Image-text web data
________________________________________

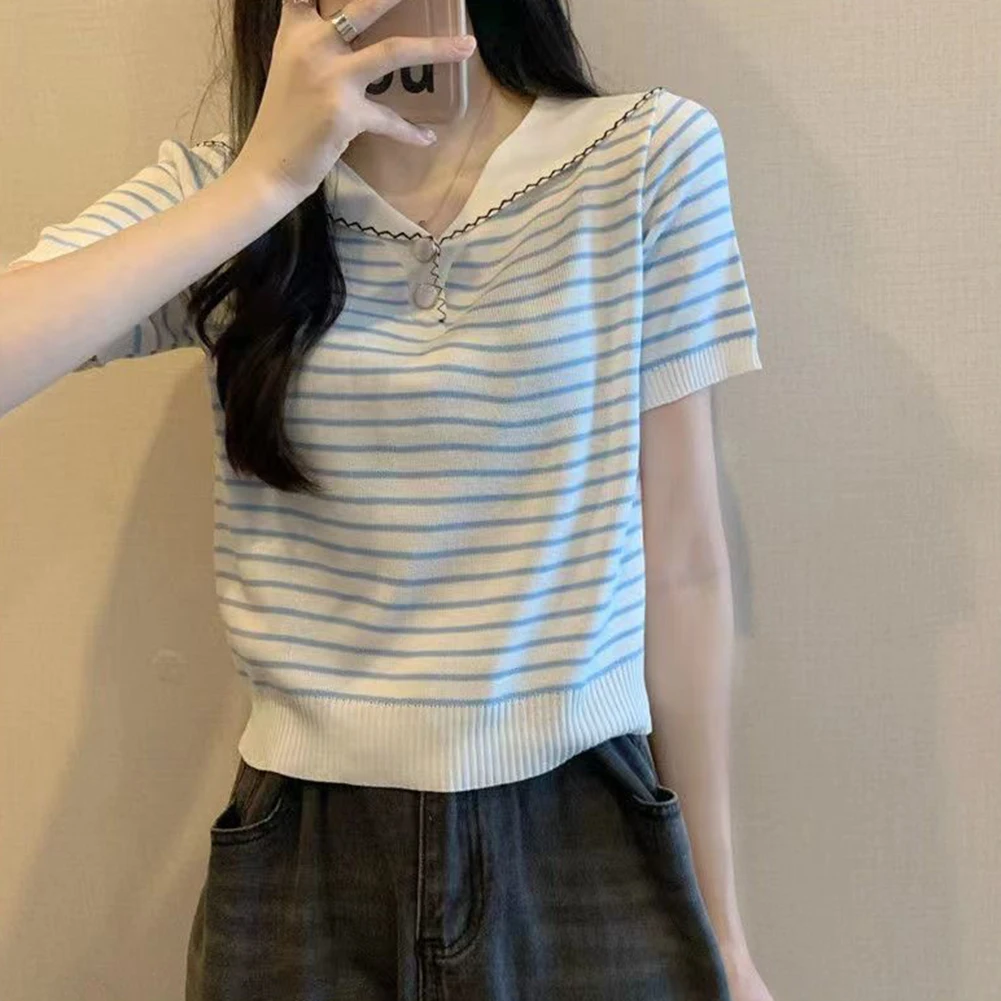 Casual Daily Use Striped T Shirt Knitted Top Knitted T Shirt For Women T-shirt Apricot Casual Wear Regular Length
Casual Daily Use Striped T Shirt Knitted Top Knitted T Shirt For Women T-shirt Apricot Casual Wear Regular Length
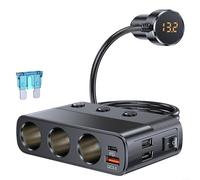 Fauhapyway Chargeur de voiture 128 W Adaptateur 7 en 1 Multi Socket Splitter Type C PD 30 W pour QC3.0 USB Ports de charge rapide LED Voltmètre Véhicule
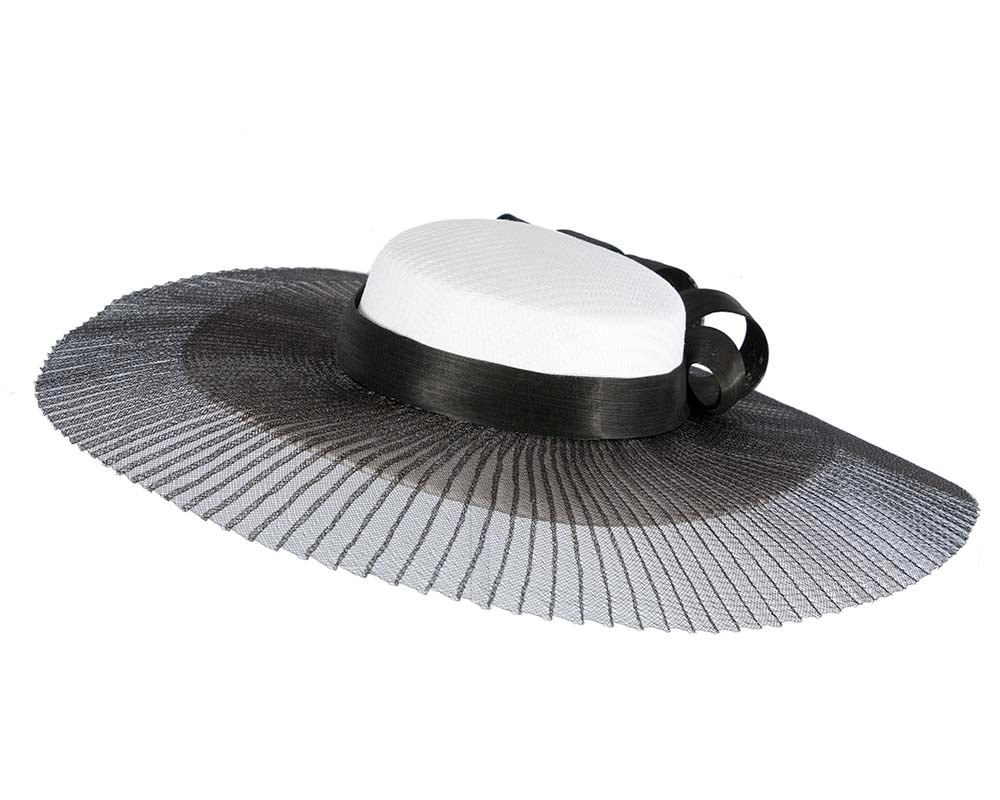 White & black wide brim boater hat by Fillies Collection - Fascinators Online White & black wide brim boater hat by Fillies Collection - Image 4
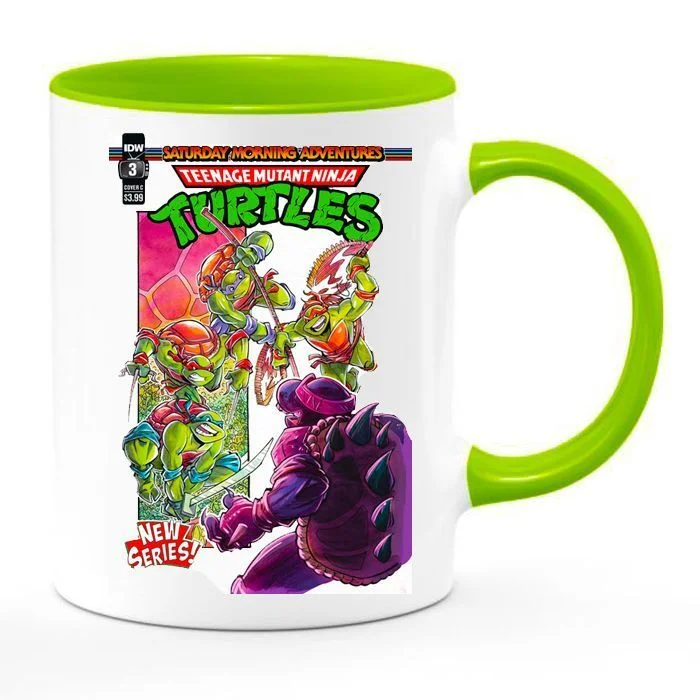 Φωτογραφία προϊόντος: Ninja Turtles mug Τα Χελωνονιντζάκια κούπα no7 Κεραμική 330ml λευκή πράσινη
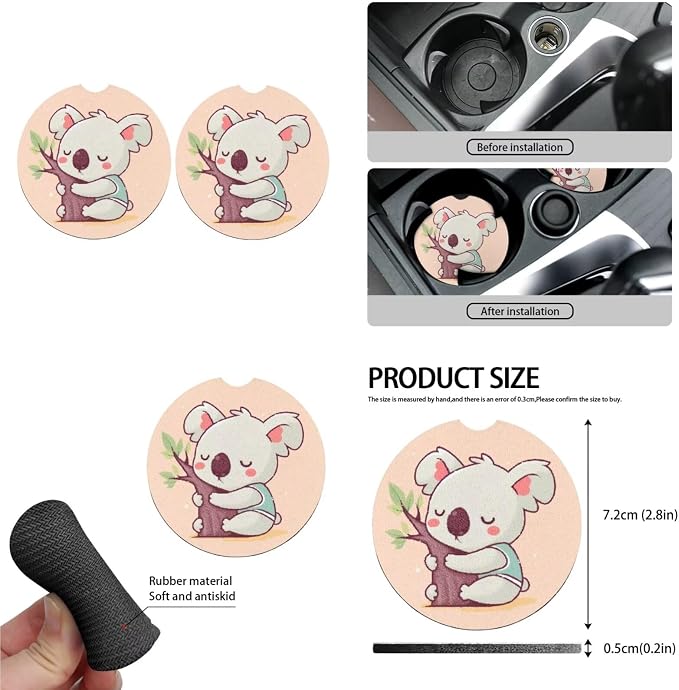 13 PCS Sleepy Koala Car Seat Covers for Women, Cartoon Koala Bear Auto Steering Wheel Cover, Australia Wildlife Animal Seat Belt Cover Armrest Pad Universal for Cars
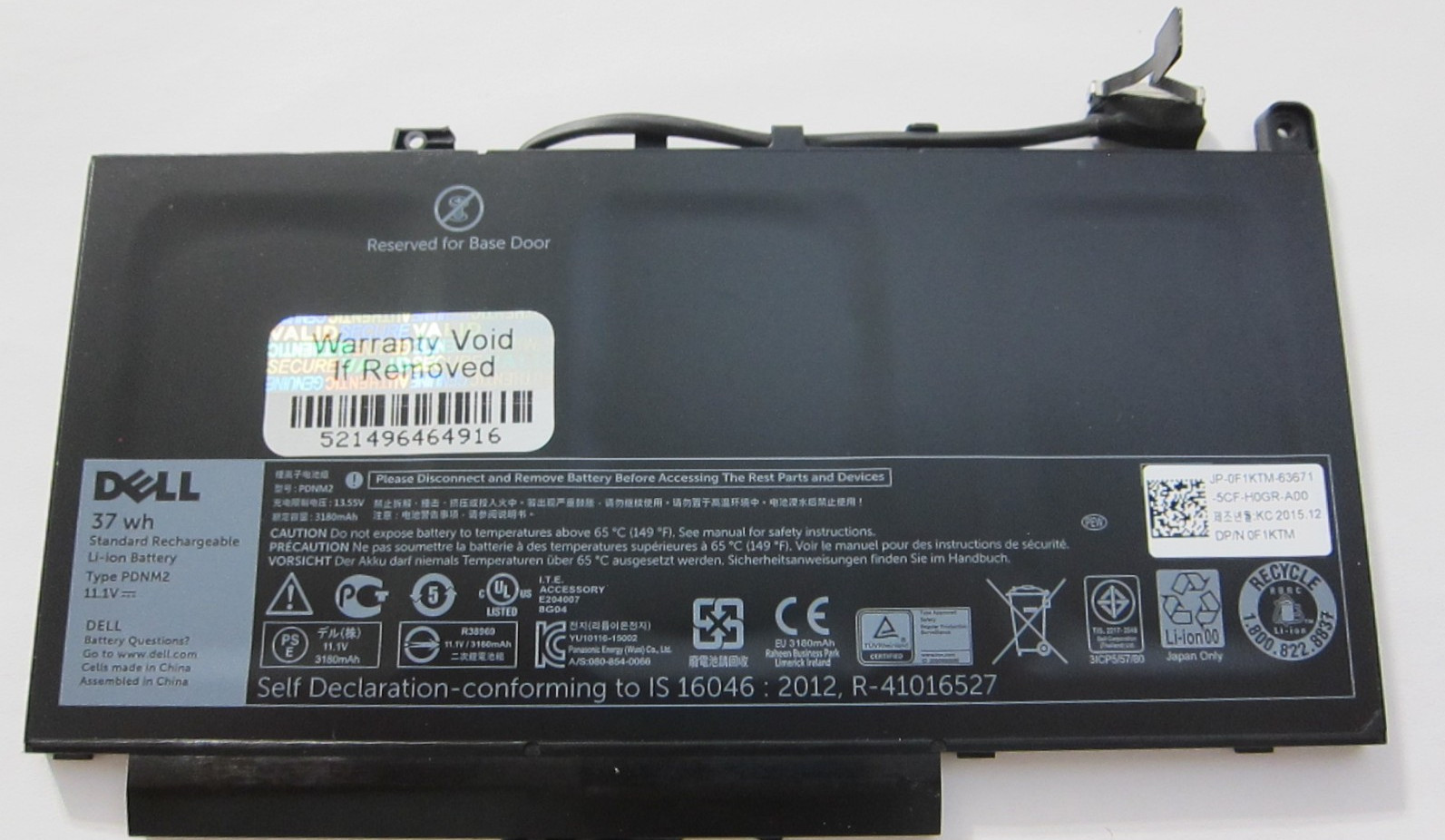OEM Genuine PDNM2 Battery For Dell Latitude E7270 E7470 579TY 0F1KTM 37Wh 11.1V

________________________________________

▶ [TASK OBJECTIVE]: Reproduce only the lines from the beginning of the data through the line that contains "Collection - Image 4", both included, and please drop the pictures.

▶ [OUTPUT OF THE TASK]:
 Casual Daily Use Striped T Shirt Knitted Top Knitted T Shirt For Women T-shirt Apricot Casual Wear Regular Length
Casual Daily Use Striped T Shirt Knitted Top Knitted T Shirt For Women T-shirt Apricot Casual Wear Regular Length
 Fauhapyway Chargeur de voiture 128 W Adaptateur 7 en 1 Multi Socket Splitter Type C PD 30 W pour QC3.0 USB Ports de charge rapide LED Voltmètre Véhicule
 White & black wide brim boater hat by Fillies Collection - Fascinators Online White & black wide brim boater hat by Fillies Collection - Image 4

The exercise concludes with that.